Watching this movie was a bit weird for me.  For most of it, I was sitting there feeling really bad for the lead actress.  Who wants to be the star of a film that focuses on a part of their body (or all of their body?) that is considered by most to be, at minimum, unattractive?  Who wants to be the constant butt of jokes and be force-fed into a romance role?  This movie, to me, felt like a stab at fat people.  Well, repeated stabs.  Machine gun-speed stabs liberally spread over the course of an hour and some change.

You and me could have a bad romance.  (Still kinda… no.  No, it’s not.)

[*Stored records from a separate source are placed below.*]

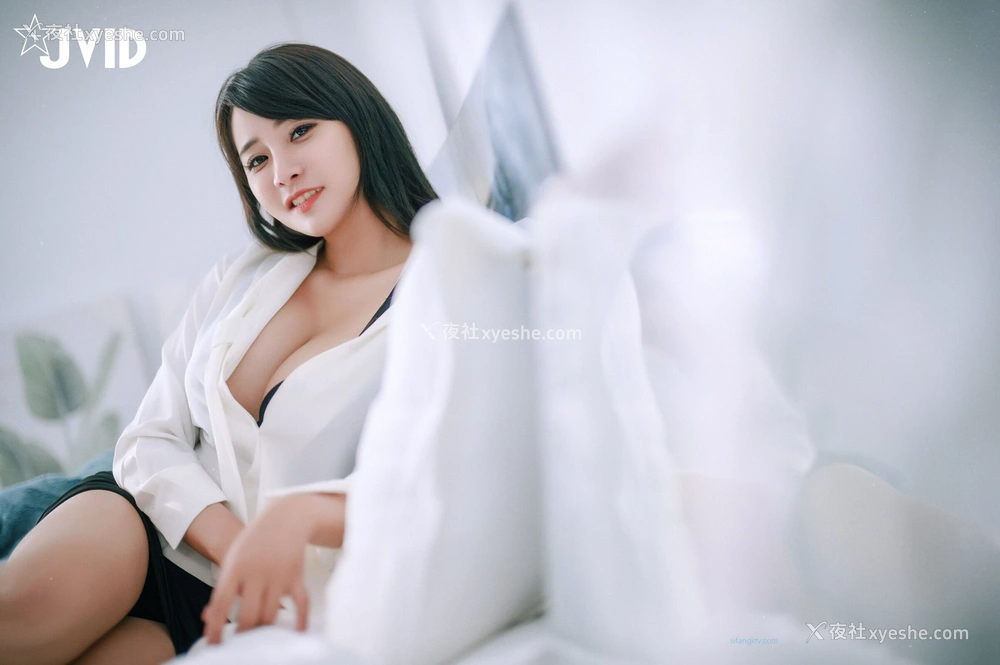 1P - 乐乐《秘书制服巨乳OL 究极蜜桃臀》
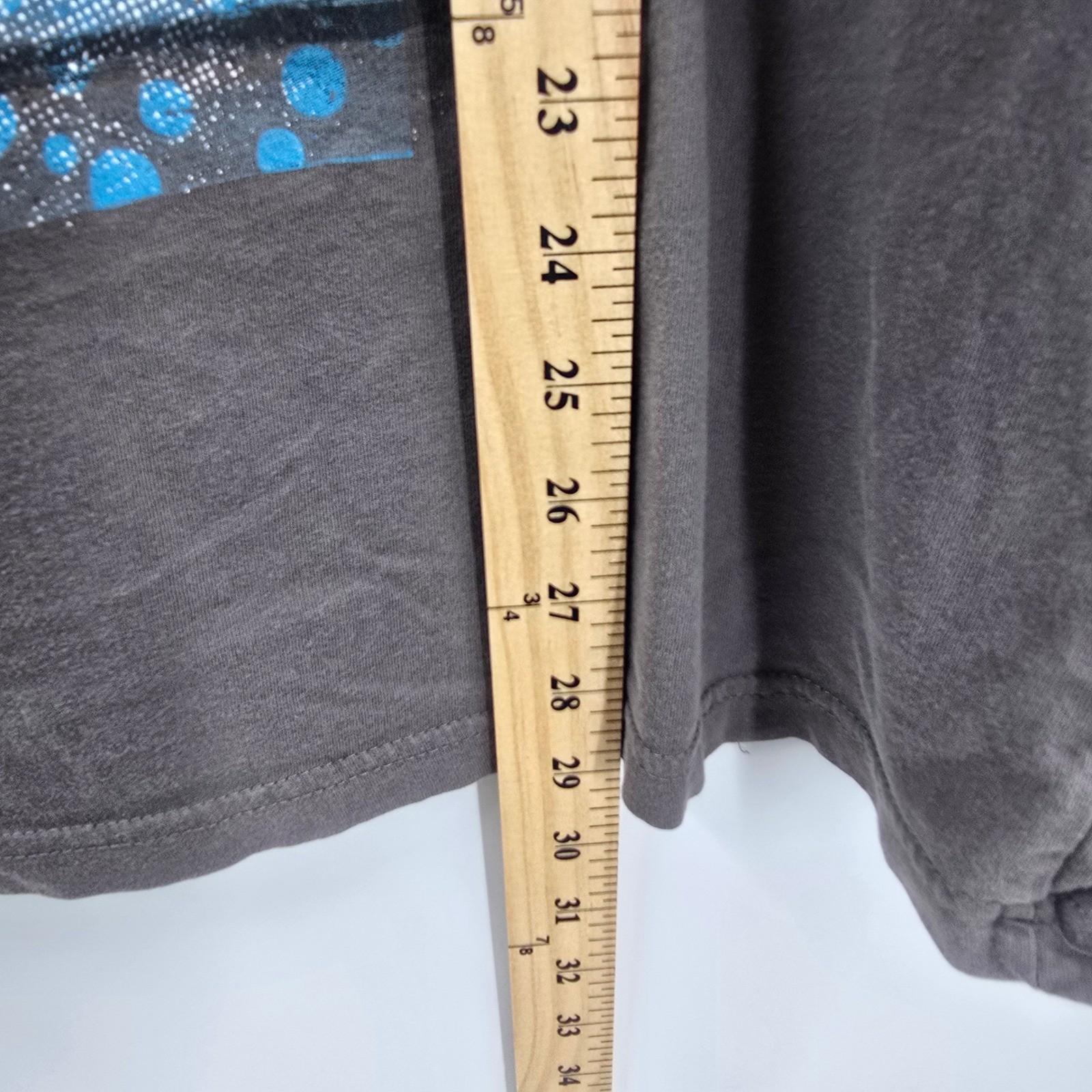 Custom 77 Mens V-Neck Graphic Tee Charcoal Gray White Tree Blue Art Large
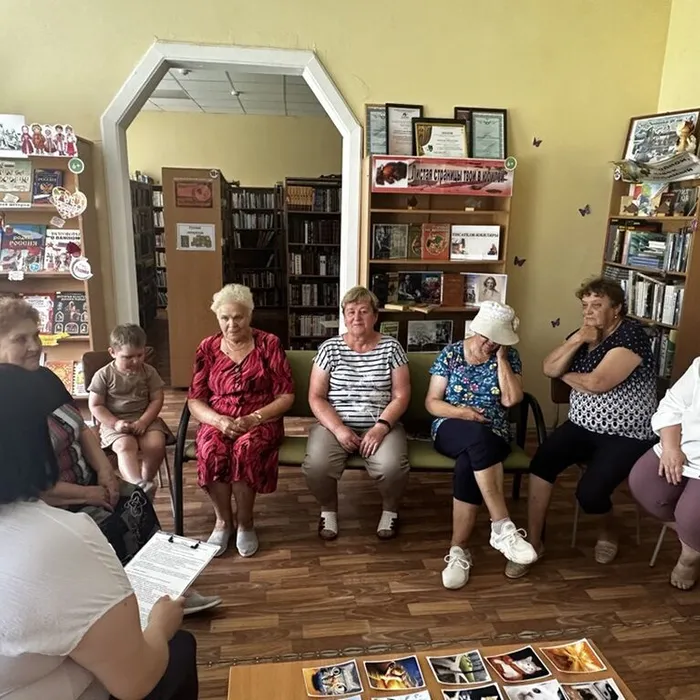 «Встречи у скамейки»: час общения в День дружбы и единения славян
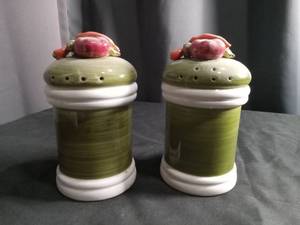 lot 2285 image: Ceramic Floral Salt and Pepper Shakers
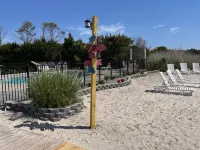 River Hotel of Southport - Beach
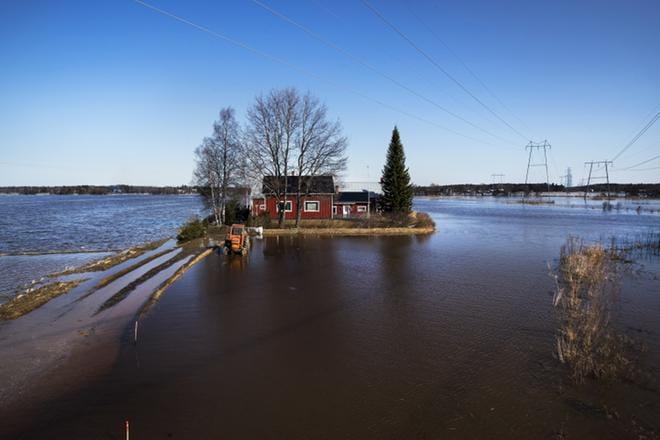 Erityisesti lauhat talvisäät näkyvät talven vesimäärien lisääntymisenä, joten tulvia voi pian olla ympärivuotisesti. Kuvassa tulvatilanne Kyrönmaalla huhtikuussa 2019. ARKISTOKUVA: JARNO PELLINEN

But then I saw that Hollister was one of the writers for the script.  That turns my concern on its head.  She willingly wrote a movie called Blubberella that makes joke after joke about how huge her vagina must be.  That compares her to various oversize jungle animals.  That’s quite unexpected.  I don’t really know what to think about it, but I really want to sit down with her now and find out her take.

Was the movie good?  No.  But it was entertaining– mostly.  Some parts ran a little dry, some parts you knew Boll was giving the finger to various movie people.  And Hollister is fucking amazing.  I fell in love with her during the first half of the movie, watching her act out a scene with her “mother” when she gave the best puppy dog eyes I have ever seen.  

So if you want a cute little romp where the plot-line follows in the path of those damned “Family Circus” kids and is full of fat jokes, sex jokes, and gay jokes (the character of flaming Vadge was killer), queue this up on Netflix on Demand.